Work item: Write out the entries exactly, pictures excluded.

Input data:
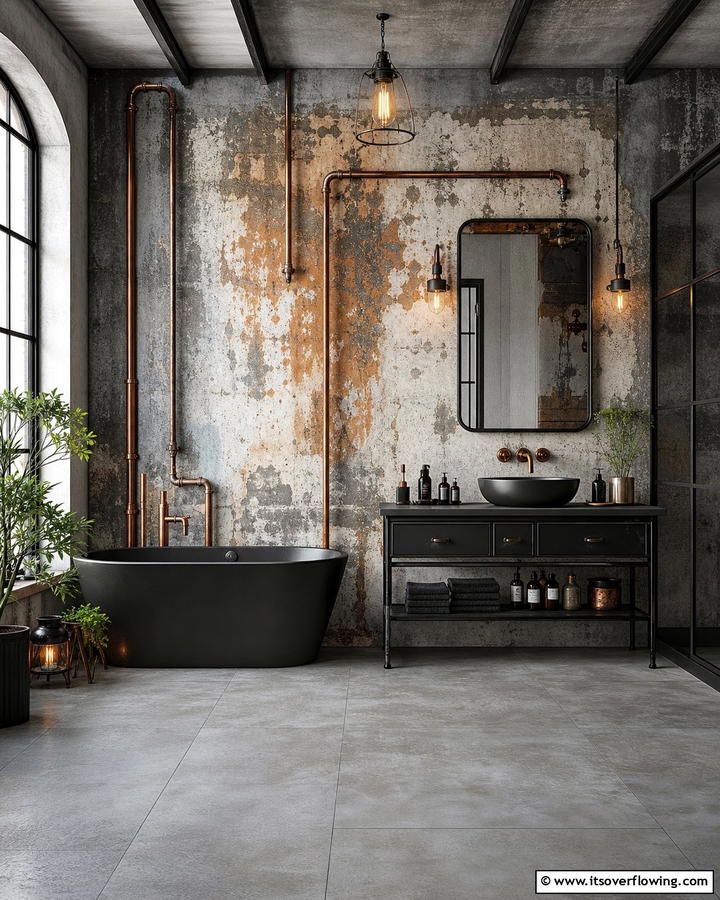 Industrial Urban Decay - 30 Bathroom Mural Ideas for Bold and Artistic Wall Designs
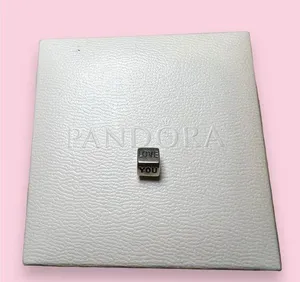 Pandora Two Tone 14K Gold Sterling Silver I Love You Cube Charm thumbnail 2
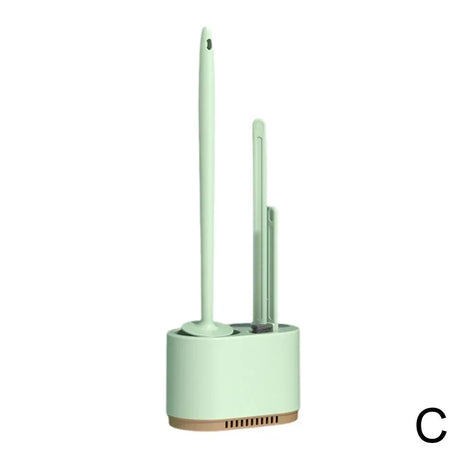 Full three piece dark green bathroom cleaning set with brush, plunger and holder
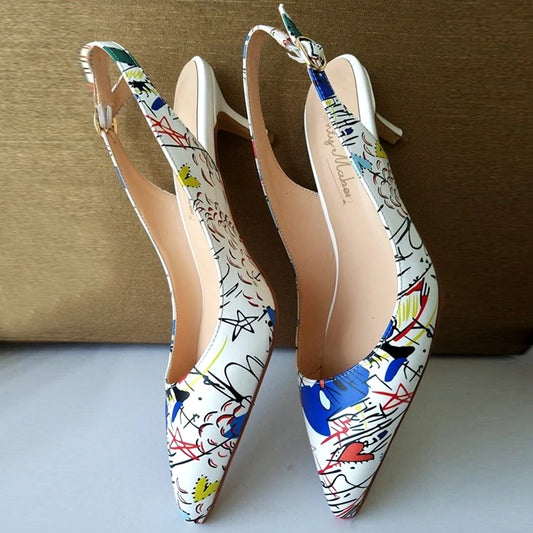 Women Pointed Toe Slingback Sandals Ankle Strap Kitten Heels Party Wedding Graffiti Shoes 6.5CM Pumps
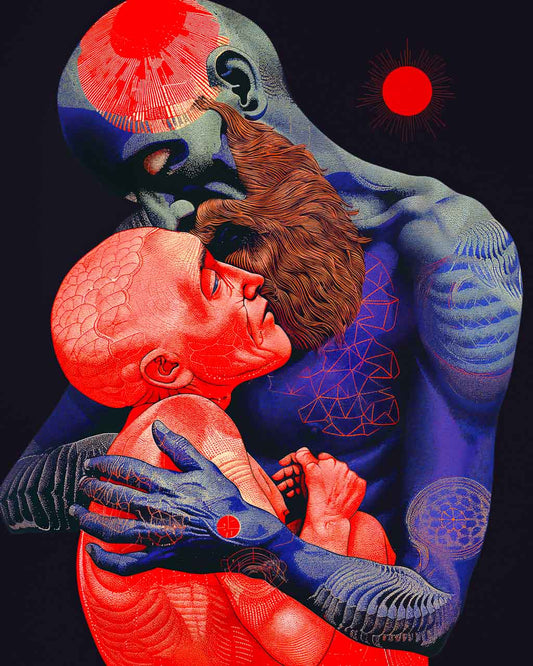 Surreal art poster depicting a blue man embracing a red woman.
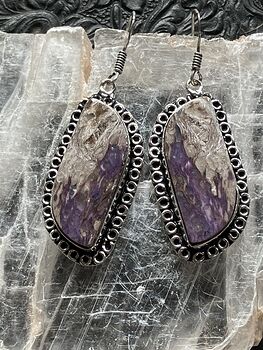 Purple Charoite Crystal Stone Jewelry Earrings #4WA2Gxu5i08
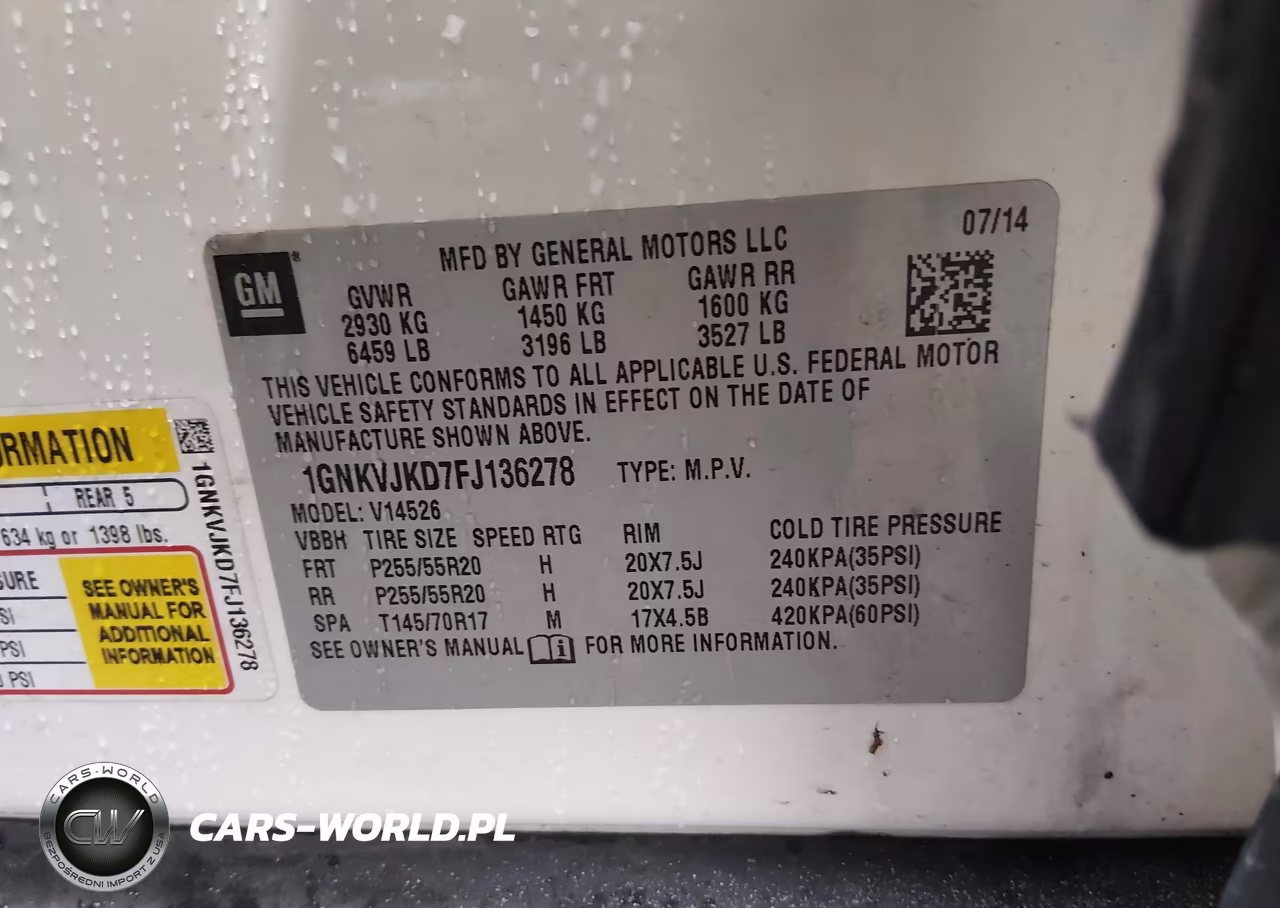 2015 Chevrolet Traverse Ltz VIN:1GNKVJKD7FJ136278 - 9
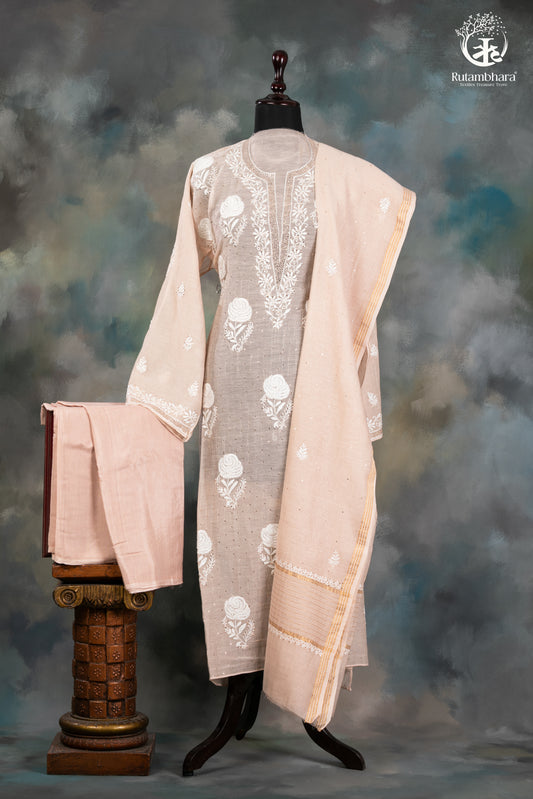 Beige Mul Chanderi Lucknowi Hand Embroidered Suit Set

Output of the task:
 Industrial Urban Decay - 30 Bathroom Mural Ideas for Bold and Artistic Wall Designs
 Pandora Two Tone 14K Gold Sterling Silver I Love You Cube Charm thumbnail 2
 Full three piece dark green bathroom cleaning set with brush, plunger and holder
 Women Pointed Toe Slingback Sandals Ankle Strap Kitten Heels Party Wedding Graffiti Shoes 6.5CM Pumps
 Surreal art poster depicting a blue man embracing a red woman.
 Purple Charoite Crystal Stone Jewelry Earrings #4WA2Gxu5i08
 2015 Chevrolet Traverse Ltz VIN:1GNKVJKD7FJ136278 - 9
 Beige Mul Chanderi Lucknowi Hand Embroidered Suit Set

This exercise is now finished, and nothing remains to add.